​Off the beaten track in the Philippines …

Posted on 16th Jan 2017 in The Leap, my gap-year, Philippines, Volunteering Abroad

Naomi writes about her trip to the Philippines with The Leap.

After an emotional goodbye to half the group, the four of us jetted off to the Philippines excited and ready for our next adventure. The first night we spent in Manilla and from onto Bulusan.


The homestay here was lovely. Mam Angel was extremely welcoming, asking us where we were from, what England is like and showing us around her home. Here, everyone is addressed very formally; Mam Angel, Sir Phillip and the younger kids address us as ‘Ati’ which means older sister.

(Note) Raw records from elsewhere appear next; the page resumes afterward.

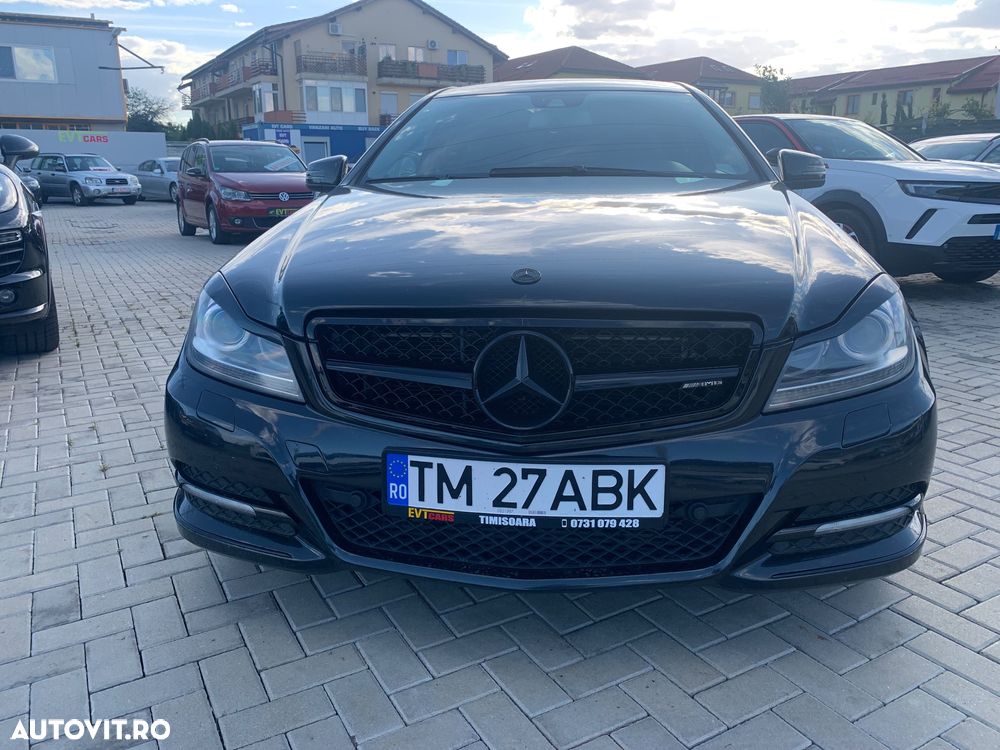 Mercedes-Benz C 220 d Coupe AMG Line - 8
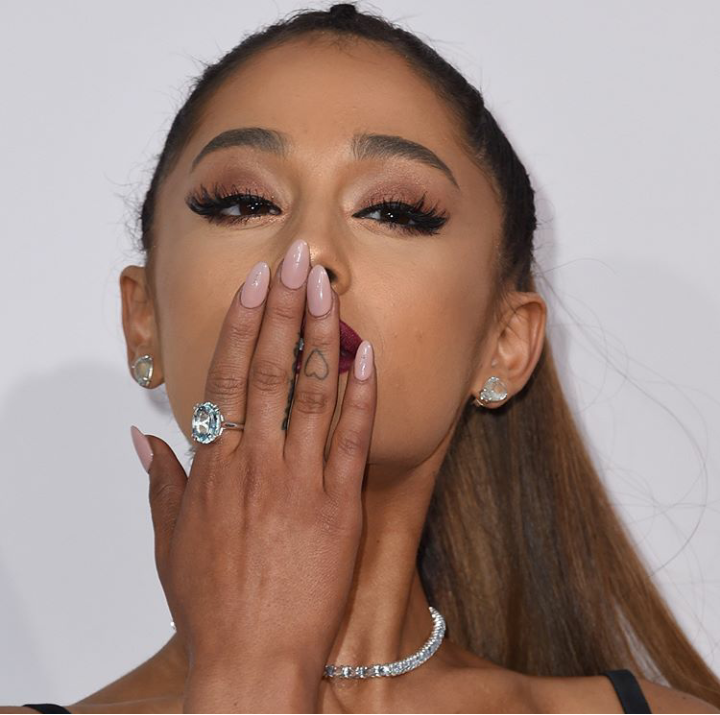 Ariana Grande表情包图片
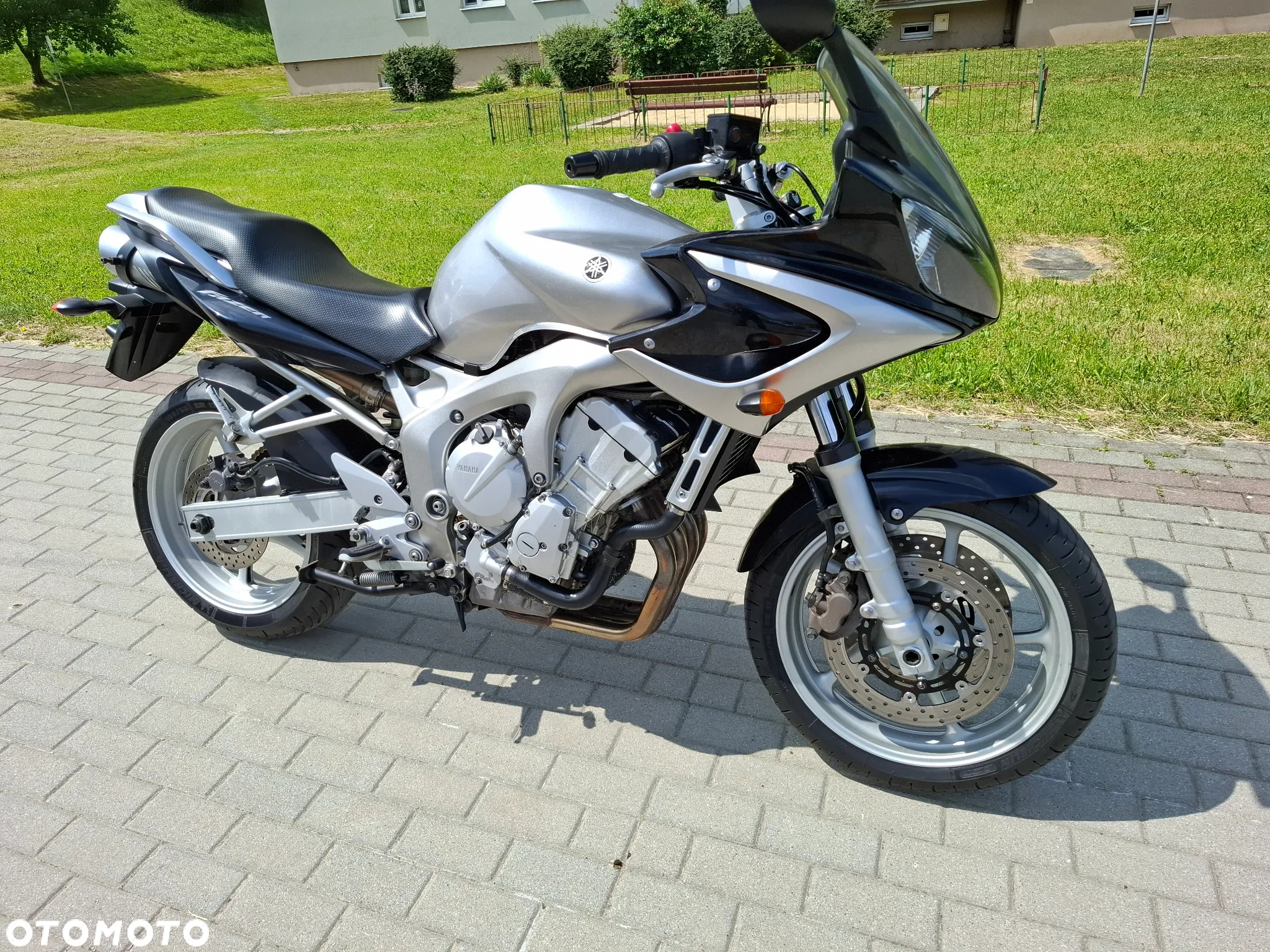 Yamaha FZ6 - 2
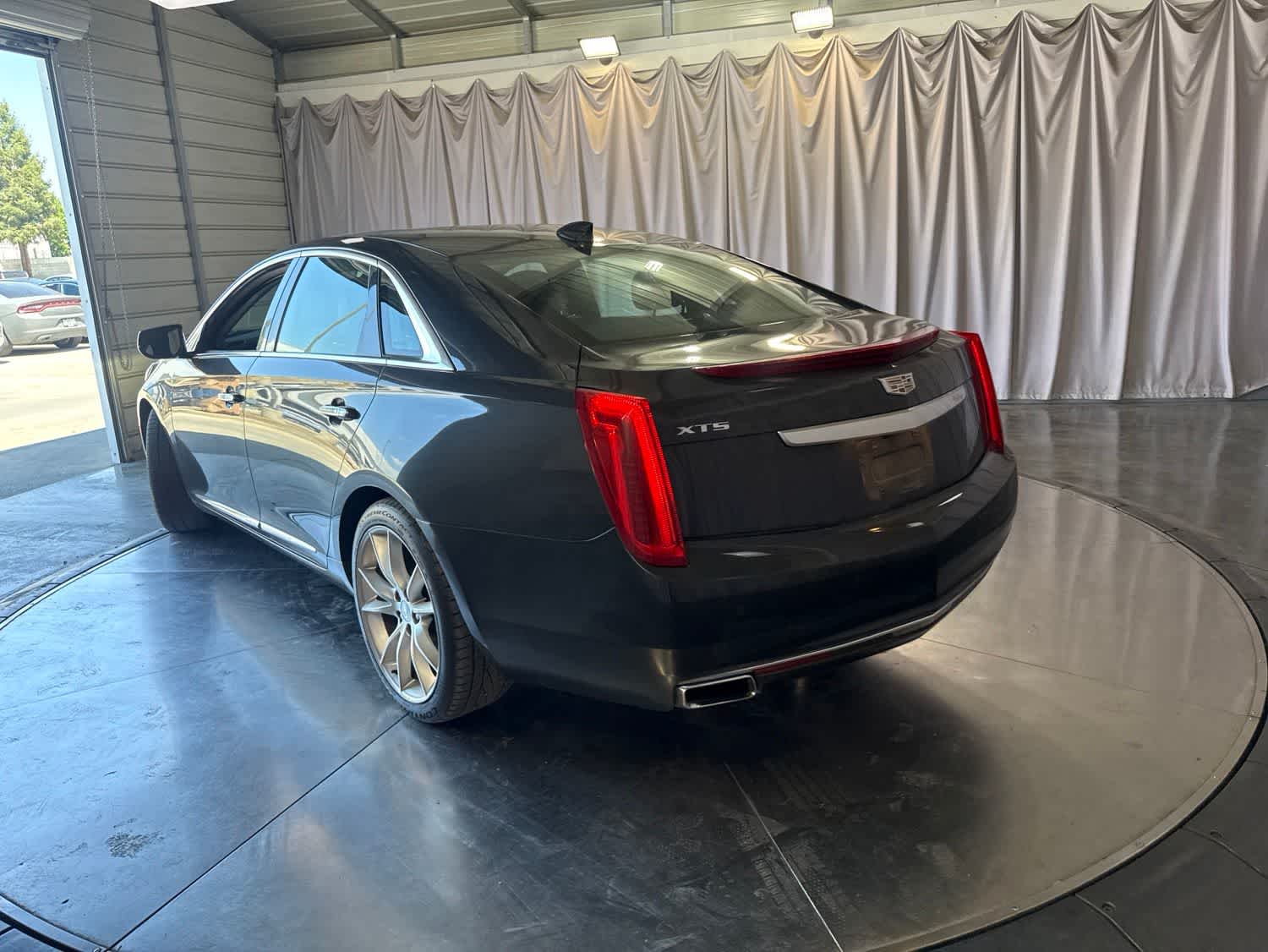 2016 CADILLAC XTS Premium Collection photo 6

The first day was filled with rice harvesting and getting to know the area. I’ll tell you what, after seeing how many rice plants are needed for just one bag of rice, you will appreciate your meals in this country a lot more. Considering every meals contains rice I’m surprised there is anywhere at all that isn’t a rice paddy!

Our first real project started the next day. We were helping to establish a new nursery as the old one was ruined by the typhoon. We filled 1,500 little potting bags with a mixture of soil, rice husks and coconut hair over the next three days and planted 30 saplings in some of the filled bags. The following day we were taken to a reforestation area for a secondary rainforest. All of the work was to help maintain the existing patches of rainforest as over the past 100 years, over 50% of the Philippines rainforest has been cut down.

As the next two days were rest days, we took the opportunity to take an overnight trip to Dosul to see fireflies and a whale shark. Our evening firefly tour was beautiful; the trees which were the homes to families of fireflies lit up like Christmas trees. They all pulsed in sync with each other. The males shining with more urgency than the females. It was an amazing sight that you don’t get to see everyday.

In contrast to the tranquility of our night time activity, the following morning we were up early to swim with the famous whale shark. It was an intense activity. We sat on the edge of the boat, masks and flippers on, waiting for the guide to give us the signal to go in. It almost felt like a military training exercise! The first time I put my face in the water, the whale shark was RIGHT BELOW ME. Super scary!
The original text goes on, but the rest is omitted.